I think this is my ancestors giving me a gentle nudge to remind me that I’m not really trapped, imprisoned. Yes, some of my options are quite limited right now, however, that doesn’t mean that I can’t make choices and engage in activities that will alleviate that sense of oppression. Perhaps it’s also a reminder to focus on the things I have in my life that a good and fulfilling and stop focusing on what I perceive as lacking.

#ChattingwithTarot – 7 of Swords, Knight of Wands+ 10 of Cup (#Dreamkeepers #Tarot)

I think the ancestors are reinforcing their message from yesterday; reminding me that finding ways to sharpen my creative saw will come from my heart and spirit, not my mind.  My default mode tends to be overanalyzing and trying to be logical about things but in this situation that would probably prove more obstacle than beneficial.  If I try to be rational and logical I risk missing what will make me happy and fall into what makes sense.  

The mask on the woman in the 7 of Swords reinforces the idea that I hide behind my intellect.  I logic myself into and out of situations and that won’t serve me well here.

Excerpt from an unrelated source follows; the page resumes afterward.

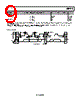 ADP1046ACPZ-R7 Datasheet HTML 9Page - Analog Devices 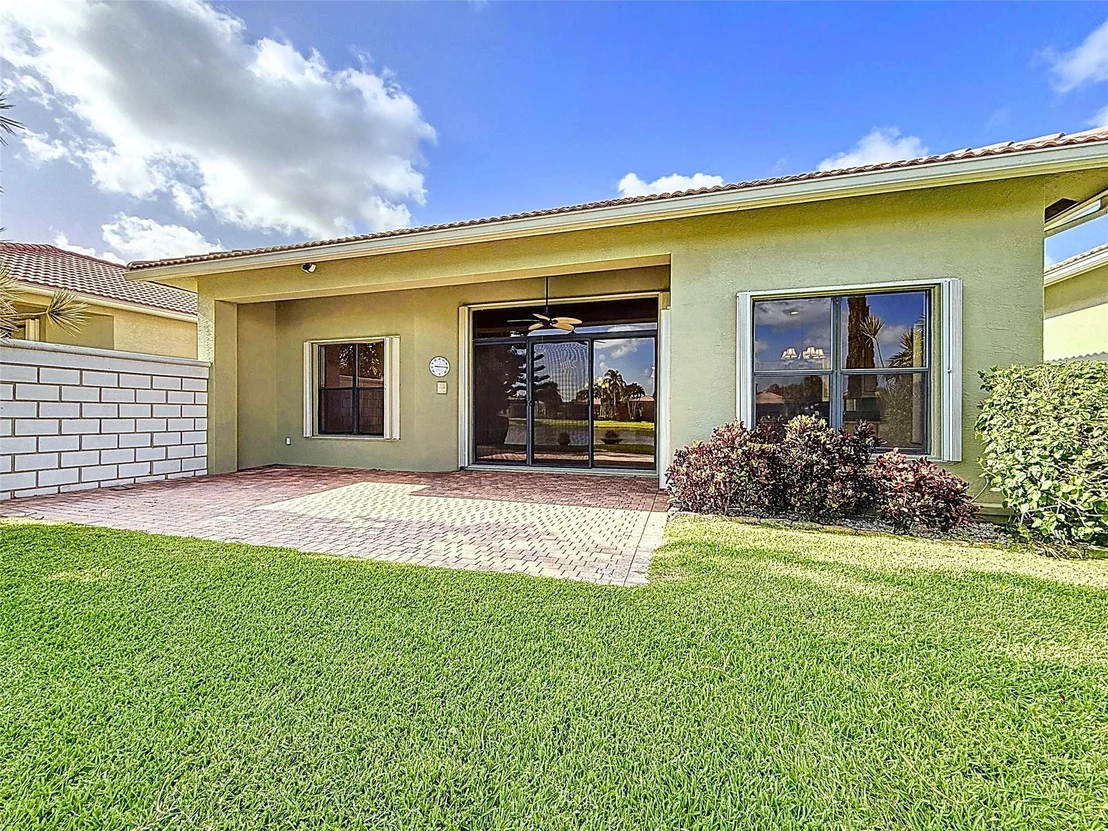 Photo of 6874 Fabiano Circle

She even holds the swords against her body as though her intellect can be armor against potential dangers.  Instead of trying to cover myself in armor, I need to find my quest, follow my heart (or my bliss, to invoke an overused cliche).   I need to open myself up to new possibilities and risk being vulnerable.  This is further reinforced by the positions of the cards.  The woman in the 7 of Swords is looking away from the other two cards while the Knight of Wands faces the woman on the 10 of Cups and offers her a rose.  It’s interesting that the woman on the 7 of Swords wears a dress and shoes that remind me of a dancehall costume and the Knight seems to be using the armor as a shield to hide his more traditional suit.  The woman on the 10 of Cups is draped in a diaphanous scarf that barely covers anything.  She is exposed, vulnerable and open as well as confident and content.  She looks down at the cups with fondness as though the memory of the joy they brought her was worth any sacrifice.  She is exposed and vulnerable but doesn’t seem weak or frightened.

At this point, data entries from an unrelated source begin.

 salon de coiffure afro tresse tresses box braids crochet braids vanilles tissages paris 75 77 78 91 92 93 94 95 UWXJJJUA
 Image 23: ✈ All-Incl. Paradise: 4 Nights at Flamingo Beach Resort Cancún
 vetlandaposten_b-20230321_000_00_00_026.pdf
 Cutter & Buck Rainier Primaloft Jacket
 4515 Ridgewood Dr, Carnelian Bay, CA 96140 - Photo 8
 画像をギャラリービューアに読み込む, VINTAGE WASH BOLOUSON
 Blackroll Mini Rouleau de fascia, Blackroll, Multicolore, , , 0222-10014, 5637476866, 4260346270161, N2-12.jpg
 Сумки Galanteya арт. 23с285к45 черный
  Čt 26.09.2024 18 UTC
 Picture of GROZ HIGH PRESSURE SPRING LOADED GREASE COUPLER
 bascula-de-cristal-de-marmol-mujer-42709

Of course, I mistrust being vulnerable and unprotected.  In the past, it has proven to be dangerous and detrimental to my well-being.  However, I am no longer that person.  I think I can face the world without my protective coating and manage to survive, and even thrive upon, whatever is aimed my way.

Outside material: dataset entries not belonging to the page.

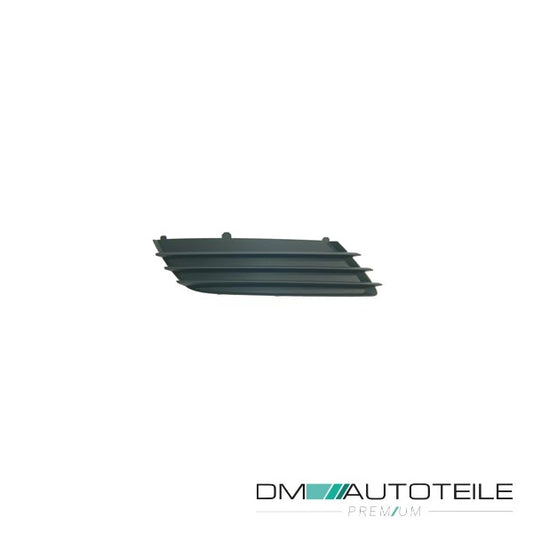Stoßstangen Gitter vorne rechts für Opel Astra H Kombi Caravan A04 VFL 2004-2006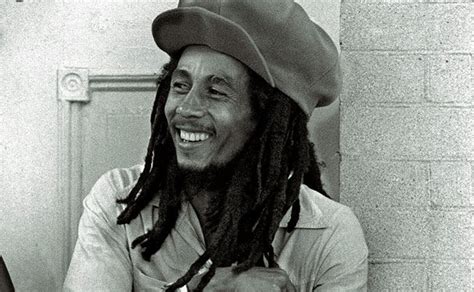 Your current browser isn't compatible with soundcloud. BOB MARLEY | Zum Todestag von Bob Marley | News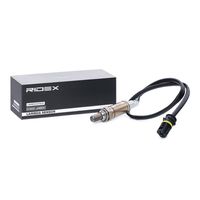RIDEX 3922L0064 - Sonda Lambda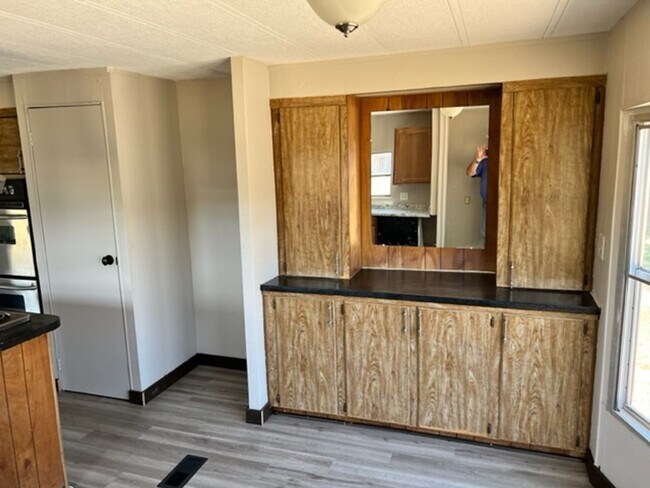Foto del edificio - 2 Bedroom/2 Bath Home for Rent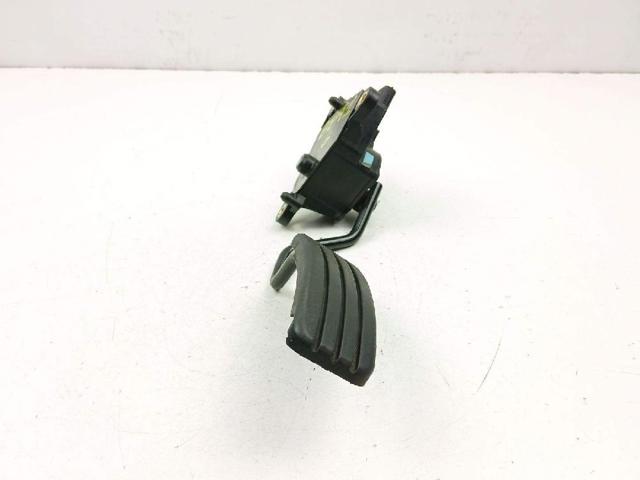 8200297342 RENAULT Pedal del acelerador comprar Madrid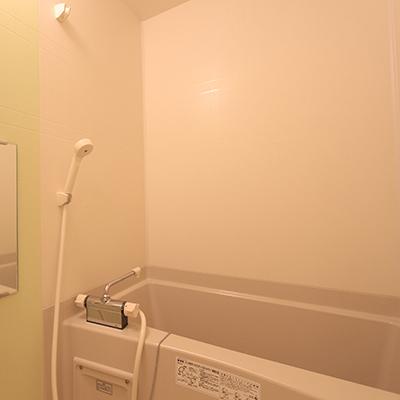 【2026年8月10日～2026年8月16日の間でご入居可能な方限定】アットイン藤沢茅ヶ崎1の物件画像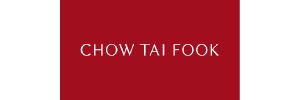 CHOW TAI FOOK JEWELLEY CO. LTD.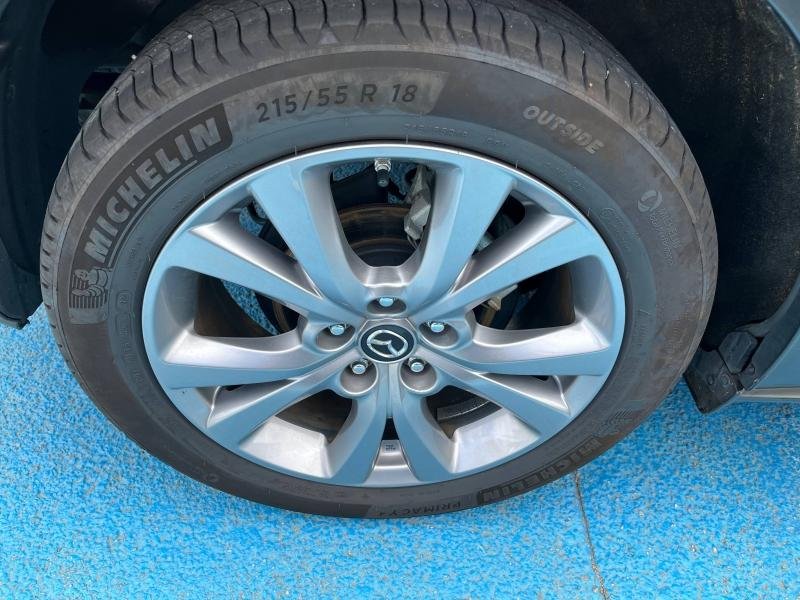 mazda - Visuel 5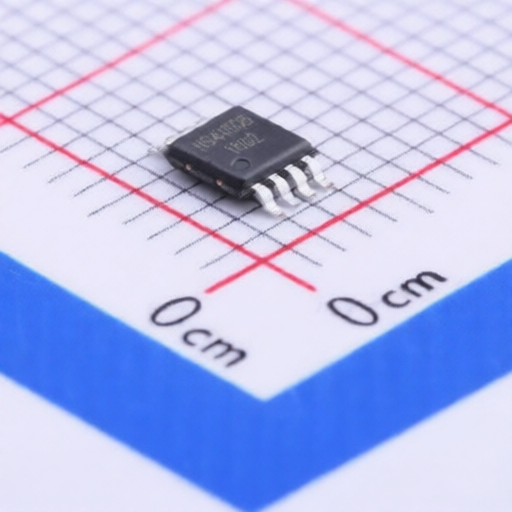 Shenzhen Nsiway Tech NS4150B for sale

#ChattingwithTarot – Page of Oyster, 5 of Oysters Rx + 3 of Peppermills (#Wonderland #Tarot)

Today’s tea & chat with the ancestors produced a rather encouraging response.  I really needed an upbeat and supportive message today.

So, my message from my ancestors:  “The world is your oyster if you’re willing to take the chance.  It’s time to let go of what has held you back in the past; stop focusing on a poverty mindset.  It’s not about what you have or don’t have, it’s about what you do with what you’ve got.  Stop hiding who you are, cowering behind the curtain  and peeking out as life passes you by  Just jump into the thick of it and get moving!”

#ChattingwithTarot – 2 of Peppermills Rx, Queen of Peppermills Rx + 6 of Hats Rx (#Wonderland #Tarot)

My ancestors message for me today:

“Find an outlet for your energy and creativity before you become bitchy, embittered and unpleasant. Reclaim your crown, your passion and your self. Revisit creative outlets that brought you joy in the past but don’t get lost in “the good old days”. They probably weren’t as golden as your memory paints them.”